Data to process:
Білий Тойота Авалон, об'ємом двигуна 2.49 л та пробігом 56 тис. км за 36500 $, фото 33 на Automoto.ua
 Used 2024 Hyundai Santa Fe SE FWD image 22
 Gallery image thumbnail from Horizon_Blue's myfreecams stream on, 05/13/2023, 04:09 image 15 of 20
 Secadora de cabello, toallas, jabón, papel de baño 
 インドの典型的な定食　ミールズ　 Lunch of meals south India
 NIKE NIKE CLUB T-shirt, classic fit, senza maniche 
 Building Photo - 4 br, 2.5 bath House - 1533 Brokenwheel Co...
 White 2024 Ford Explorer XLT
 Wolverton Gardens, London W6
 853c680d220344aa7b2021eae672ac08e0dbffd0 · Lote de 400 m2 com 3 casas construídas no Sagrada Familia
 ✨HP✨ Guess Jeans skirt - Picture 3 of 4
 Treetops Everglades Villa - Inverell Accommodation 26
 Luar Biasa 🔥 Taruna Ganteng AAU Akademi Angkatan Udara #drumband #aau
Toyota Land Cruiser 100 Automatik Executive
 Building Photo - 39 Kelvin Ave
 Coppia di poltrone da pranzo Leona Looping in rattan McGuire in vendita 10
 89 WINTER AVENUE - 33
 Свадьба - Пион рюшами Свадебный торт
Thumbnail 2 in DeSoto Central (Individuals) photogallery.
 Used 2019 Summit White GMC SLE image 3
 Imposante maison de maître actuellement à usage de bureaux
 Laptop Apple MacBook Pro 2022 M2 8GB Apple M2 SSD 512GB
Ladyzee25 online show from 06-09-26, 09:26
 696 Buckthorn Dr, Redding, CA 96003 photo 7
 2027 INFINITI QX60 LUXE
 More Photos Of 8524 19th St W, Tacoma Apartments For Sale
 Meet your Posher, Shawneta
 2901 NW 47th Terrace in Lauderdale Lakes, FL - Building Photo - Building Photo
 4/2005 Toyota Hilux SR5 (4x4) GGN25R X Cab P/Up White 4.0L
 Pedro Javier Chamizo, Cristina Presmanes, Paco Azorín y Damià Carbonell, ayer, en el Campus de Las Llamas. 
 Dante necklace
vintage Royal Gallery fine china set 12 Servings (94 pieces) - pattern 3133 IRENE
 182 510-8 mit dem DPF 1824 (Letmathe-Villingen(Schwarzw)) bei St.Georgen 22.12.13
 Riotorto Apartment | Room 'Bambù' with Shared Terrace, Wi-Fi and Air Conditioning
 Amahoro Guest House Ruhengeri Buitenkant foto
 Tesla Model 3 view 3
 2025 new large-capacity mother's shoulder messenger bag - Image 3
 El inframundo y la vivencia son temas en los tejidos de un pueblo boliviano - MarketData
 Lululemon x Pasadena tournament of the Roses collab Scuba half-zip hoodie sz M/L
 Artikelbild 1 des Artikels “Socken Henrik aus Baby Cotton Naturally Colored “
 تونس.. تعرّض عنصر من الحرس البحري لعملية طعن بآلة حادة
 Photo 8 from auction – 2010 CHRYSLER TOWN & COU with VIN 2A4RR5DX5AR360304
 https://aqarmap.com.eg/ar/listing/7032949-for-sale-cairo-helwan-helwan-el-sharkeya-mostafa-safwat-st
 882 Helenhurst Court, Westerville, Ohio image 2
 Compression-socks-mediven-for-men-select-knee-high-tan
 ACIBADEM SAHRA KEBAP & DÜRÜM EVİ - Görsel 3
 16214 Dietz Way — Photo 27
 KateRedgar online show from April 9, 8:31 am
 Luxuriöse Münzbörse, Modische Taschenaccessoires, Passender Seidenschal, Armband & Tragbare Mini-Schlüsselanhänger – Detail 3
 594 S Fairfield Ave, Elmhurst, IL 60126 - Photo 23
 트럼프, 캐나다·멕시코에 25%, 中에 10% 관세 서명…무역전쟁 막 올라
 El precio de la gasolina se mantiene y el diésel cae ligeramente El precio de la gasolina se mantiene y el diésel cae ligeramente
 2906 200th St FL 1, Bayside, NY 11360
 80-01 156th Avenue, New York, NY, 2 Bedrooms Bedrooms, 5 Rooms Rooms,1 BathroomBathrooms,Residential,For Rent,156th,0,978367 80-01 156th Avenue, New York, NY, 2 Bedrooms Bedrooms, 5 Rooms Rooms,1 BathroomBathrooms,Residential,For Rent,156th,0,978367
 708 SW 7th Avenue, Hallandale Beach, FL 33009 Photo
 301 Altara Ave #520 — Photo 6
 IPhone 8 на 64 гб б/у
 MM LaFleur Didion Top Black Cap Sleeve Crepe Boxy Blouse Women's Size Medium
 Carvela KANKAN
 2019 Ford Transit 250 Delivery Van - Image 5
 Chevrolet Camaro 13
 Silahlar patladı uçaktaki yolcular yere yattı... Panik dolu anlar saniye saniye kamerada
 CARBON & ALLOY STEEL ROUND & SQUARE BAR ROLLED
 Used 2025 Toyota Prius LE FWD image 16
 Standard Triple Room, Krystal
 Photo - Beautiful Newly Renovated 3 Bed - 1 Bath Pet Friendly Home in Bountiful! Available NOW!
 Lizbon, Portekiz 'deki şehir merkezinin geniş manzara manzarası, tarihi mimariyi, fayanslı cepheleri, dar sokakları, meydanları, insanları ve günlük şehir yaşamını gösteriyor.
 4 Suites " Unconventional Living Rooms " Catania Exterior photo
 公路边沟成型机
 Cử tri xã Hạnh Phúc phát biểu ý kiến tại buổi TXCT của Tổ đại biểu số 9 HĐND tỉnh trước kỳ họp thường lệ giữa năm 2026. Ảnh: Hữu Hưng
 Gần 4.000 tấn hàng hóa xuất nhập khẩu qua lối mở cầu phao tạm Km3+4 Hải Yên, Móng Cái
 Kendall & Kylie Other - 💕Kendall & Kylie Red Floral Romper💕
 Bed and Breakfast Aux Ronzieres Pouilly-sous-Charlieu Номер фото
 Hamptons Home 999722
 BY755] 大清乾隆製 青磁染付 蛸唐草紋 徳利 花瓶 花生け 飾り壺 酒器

What you should do: Please tally the lines of the data in which the string "Used" appears and write only the total.

Result of the task: 3